We combined DeepFusion-s and DeepFusion-l into the whole DeepFusion model, which we used to analyze bimodal inputs to leverage the dual effect of the local motifs and the wider range protein-RNA interactions. The fusion of the two sub-models occurs on the feature-vector level, i.e., concatenates the features of DeepFusion-s and DeepFusion-l to form a uniform feature vector. After that, a dropout operation was used to avoid overfitting, and a fully connected layer is used to predict binding or non-binding.
2.2.3. Bi-dataset evaluation of DeepFusion
We evaluated the performance of DeepFusion and other tools when applied to both the RBP-24 and RBP-120 datasets based only on sequence input. There are two reasons for making a sequence-based comparison: First, collecting matching DMS-seq data is difficult for the RBP-24 dataset because the CLIP-seq data for these 24 RBPs are in multiple cell lines. Second, most cutting-edge methods for comparing with DeepFusion cannot accept in vivo RNA structural features as input. For fairness, we thus evaluated DeepFusion with single-modal input.
For the RBP-24 dataset, we compared DeepFusion with a series of tools (GraphProt [40], iDeepE [9], DeepCLIP [17], EDCNN [18], RPI-Net [32], deepnet-rbp [47], and PrismNet [39]) that were also previously evaluated in the same dataset. These tools mostly accept only sequence input, except for GraphProt and the latter three methods using the RNA structural features predicted from sequences or derived from icSHAPE. For the RBP-120 dataset, we selected iDeepE and EDCNN for sequence-based comparisons. The training strategies and hyperparameters of the compared methods were set in the same way as in the original papers (Supplementary Table S1).
We next evaluated the improvement of the DeepFusion model upon supplying it with in vivo RNA structures.
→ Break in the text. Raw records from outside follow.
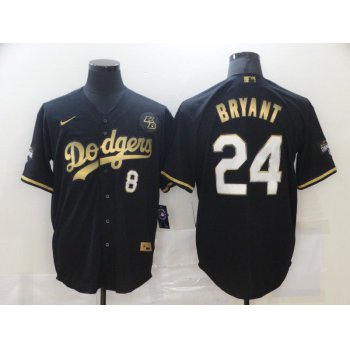 Men's Los Angeles Dodgers #8 #24 Kobe Bryant Black Gold Stitched MLB Cool Base Nike Jersey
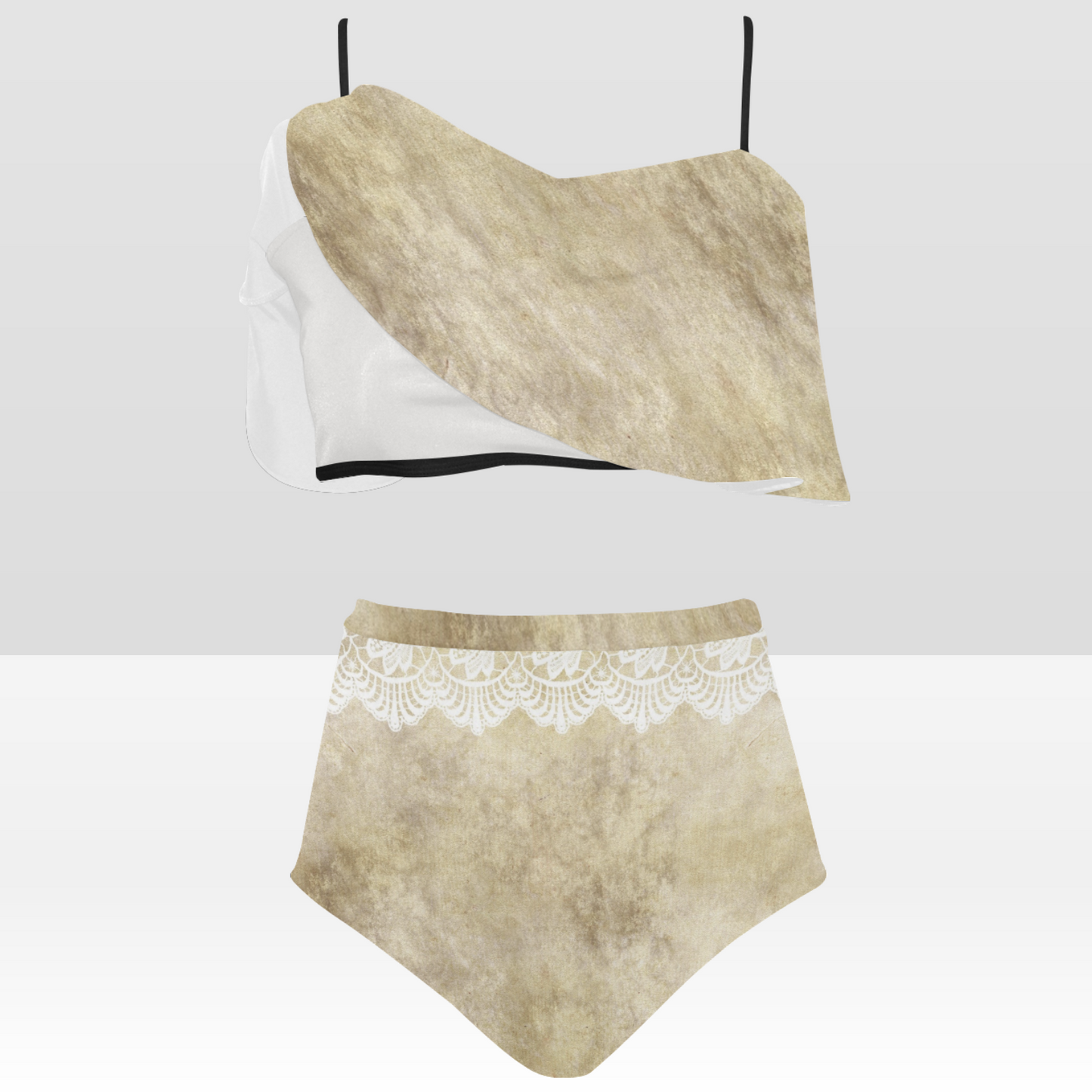 Flounce & Ruffle Bikini swimwear, Printed Victorian lace, Design 28 High Waisted Ruffle Bikini Set-A/B (Model SO3)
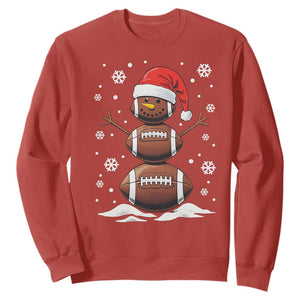 Christmas Football Sweatshirt Rugby Snowman Xmas Festive Holiday Sports TS02 Red Print Your Wear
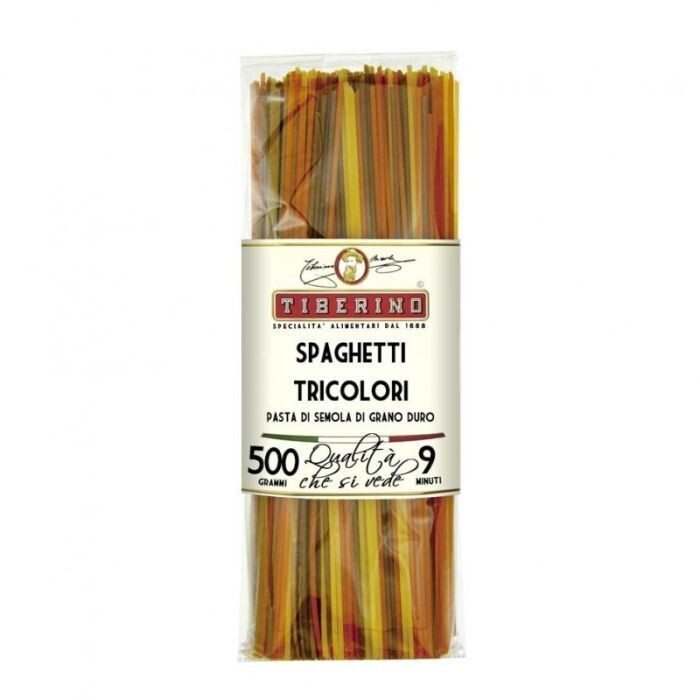 Tiberino, Spaghetti 3-Farben-Nudeln aus Premium-Hartweizengrieß - 500 g ...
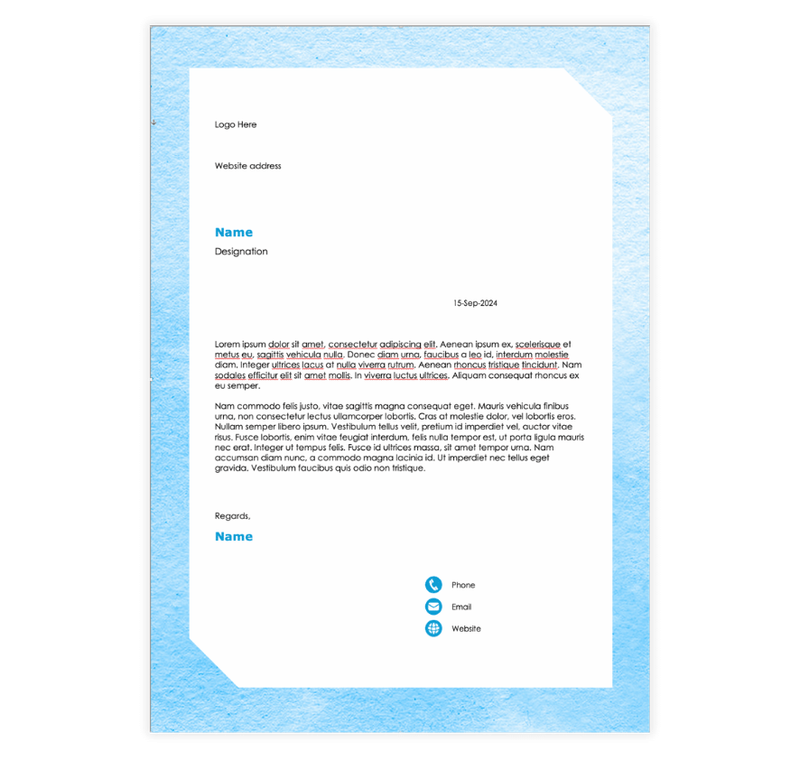 Blue Papyrus Letter Template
This evaluation is based only on the RBP-120 dataset, which contains matching eCLIP-seq data for 120 RBPs and DMS-seq data from the human K562 cell line. We re-processed the DMS-seq signals to DMS-reactivity scores for both in vivo and in vitro experimental conditions. As a result, when we use DeepFusion with bimodal inputs, we can input either sequence and in vivo structural scores or sequence and in vitro structural scores. We thus compared the three modes of DeepFusion: sequence-only, sequence+vivo, and sequence+vitro.
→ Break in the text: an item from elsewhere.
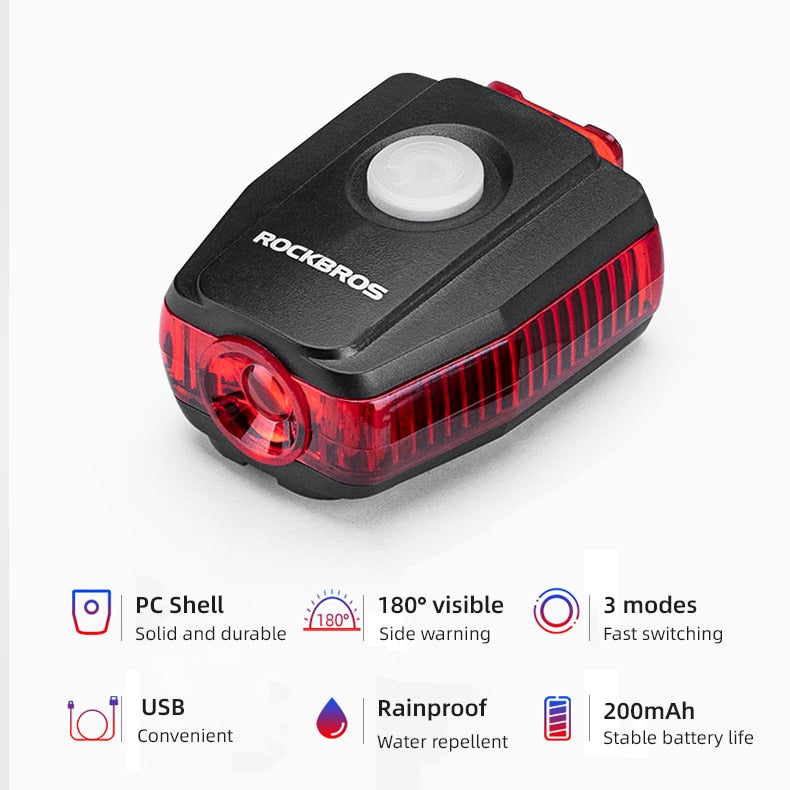Luz de bicicleta à prova d'água USB recarregável Capacete luz traseira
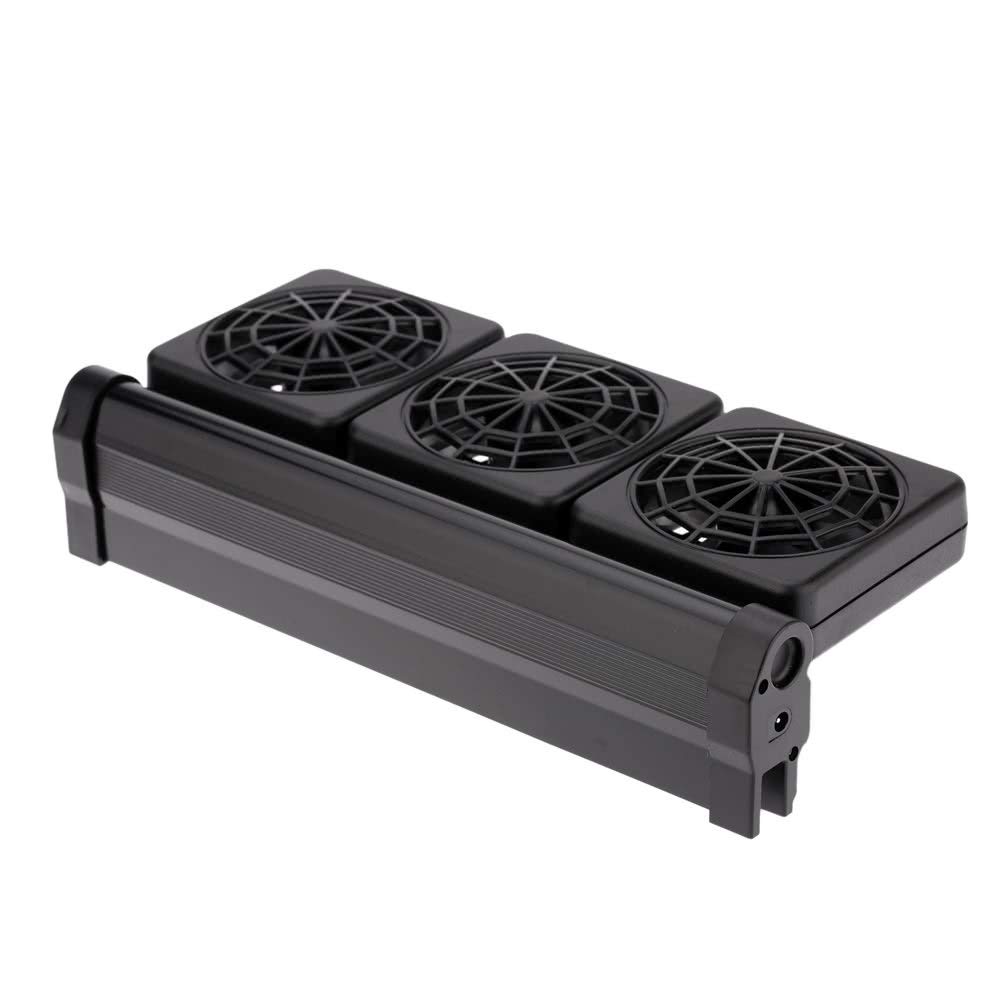 Kepuarm 3 heads Aquarium Cooling Fan, 12V Aquarium Chillers Fish Tank Cooling Fan 2 Wind Speed Adjustable Cooling Fan Fish Tank Cold Wind Chiller for Salt/Fresh Water (3 Head)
In all these evaluations, we train one model per RBP. We separated the training, test, and validation sets independently to ensure the generalizability of DeepFusion. For the original RBP-24 dataset, the training and test data were already separately provided. We further divided its training set into a secondary training and validation set at a ratio of 85: 15. For the newly generated RBP-120 dataset, we divided the training, test, and validation sets at the ratios 76.5: 10: 13.5. The parameters were trained by an Adam optimizer using the cross-entropy loss function for measuring the distance between the predicted results and the actual labels in the training set. Then, the model with the lowest loss function on the validation set was selected as the best model. All performances were measured by the area under the receiver operating characteristic curve (AUC), Matthews correlation coefficient (MCC), and F1 score based on the test set.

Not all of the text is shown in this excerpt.